• _Task description_:
From the line containing "this 770×400 image." to the final line of the material below, return every line exactly. Do not include pictures.

====

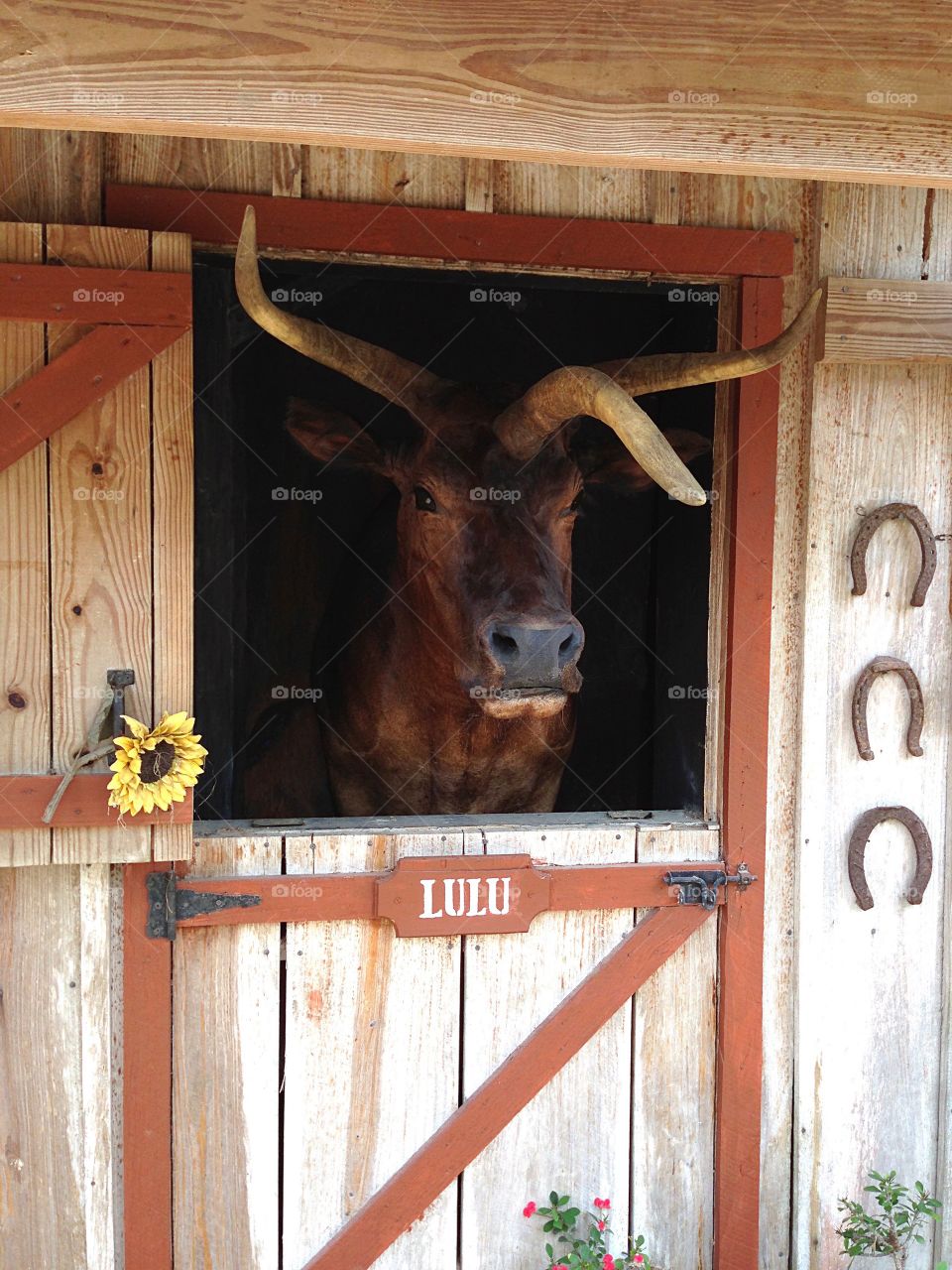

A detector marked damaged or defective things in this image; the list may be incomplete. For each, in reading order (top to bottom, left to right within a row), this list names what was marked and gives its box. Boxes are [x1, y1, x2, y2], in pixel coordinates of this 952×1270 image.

rusty horseshoe [853, 500, 932, 611]
rusty horseshoe [853, 659, 924, 758]
rusty horseshoe [849, 810, 928, 909]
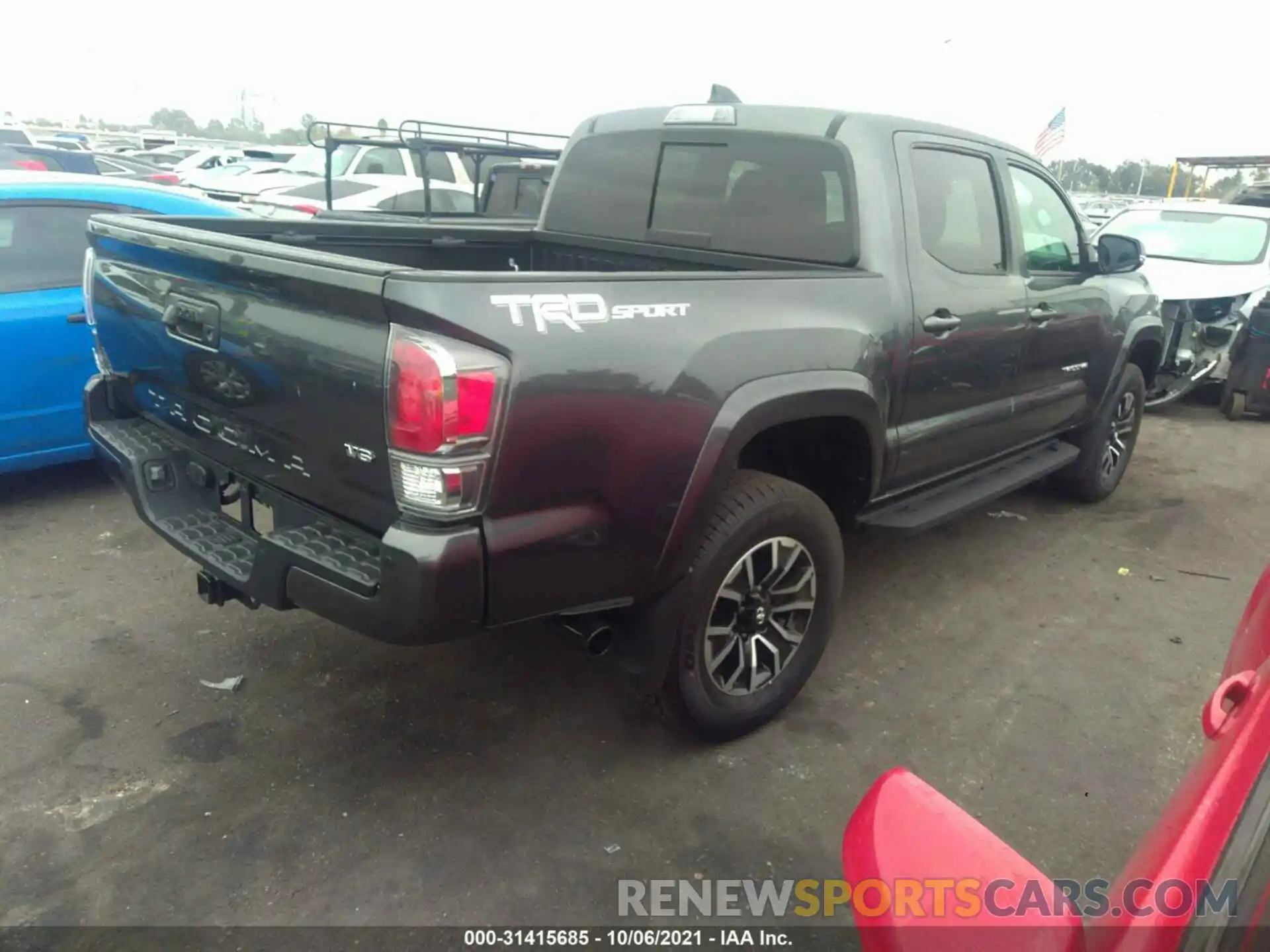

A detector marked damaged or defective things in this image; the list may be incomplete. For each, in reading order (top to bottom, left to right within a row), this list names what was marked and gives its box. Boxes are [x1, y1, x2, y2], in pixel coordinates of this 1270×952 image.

damaged white vehicle [1092, 206, 1270, 409]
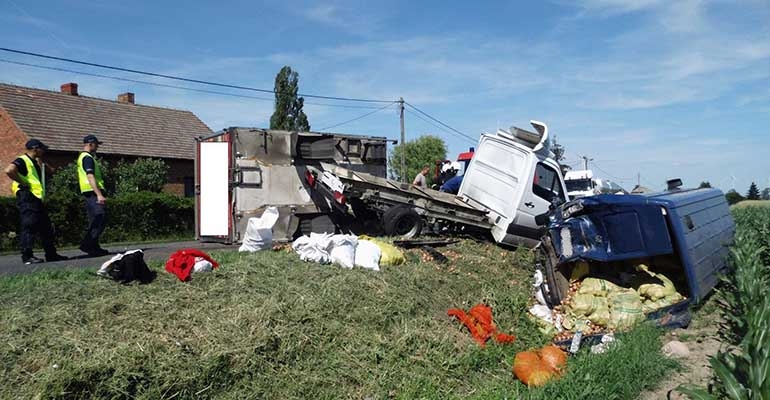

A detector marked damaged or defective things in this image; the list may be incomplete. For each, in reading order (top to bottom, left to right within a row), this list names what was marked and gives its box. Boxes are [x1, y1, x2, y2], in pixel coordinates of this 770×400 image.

overturned white truck [304, 120, 568, 248]
overturned blue van [536, 188, 736, 312]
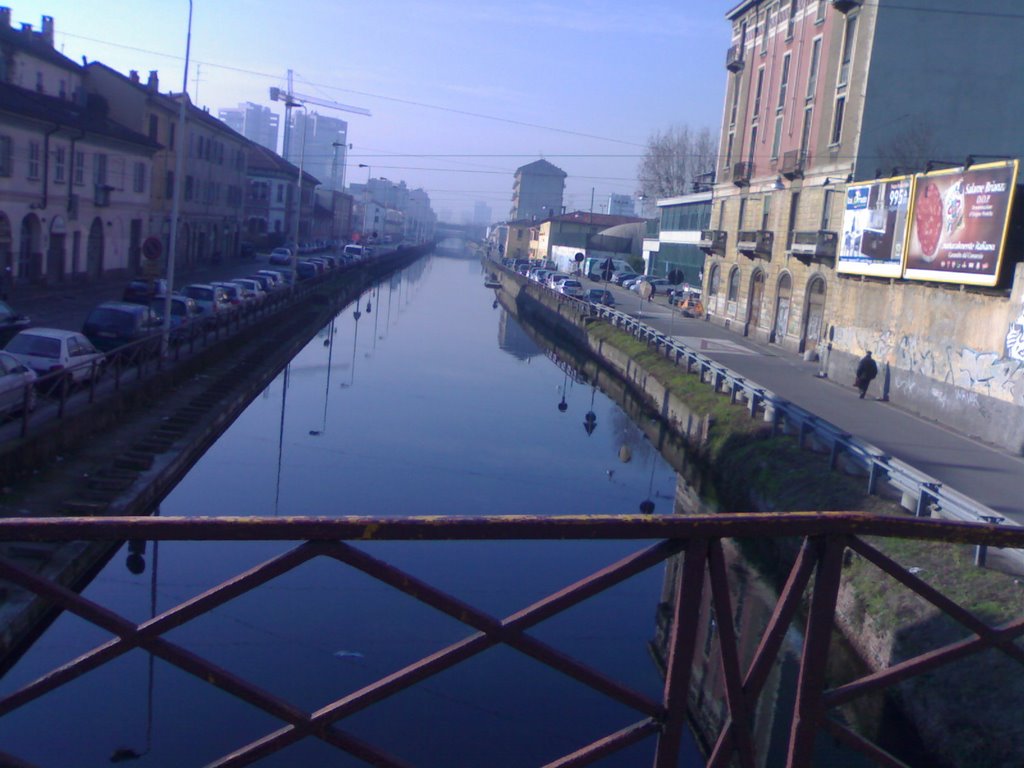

====

• _Output_:
A detector marked damaged or defective things in this image; the list may be incomplete. For each, in reading order (top to bottom, left to right within a row), this list names what was marked and gives its box. Boxes are [x1, y1, x2, y2], in pixel coordinates of this 770×400 image.

overturned white truck [304, 120, 568, 248]
overturned blue van [536, 188, 736, 312]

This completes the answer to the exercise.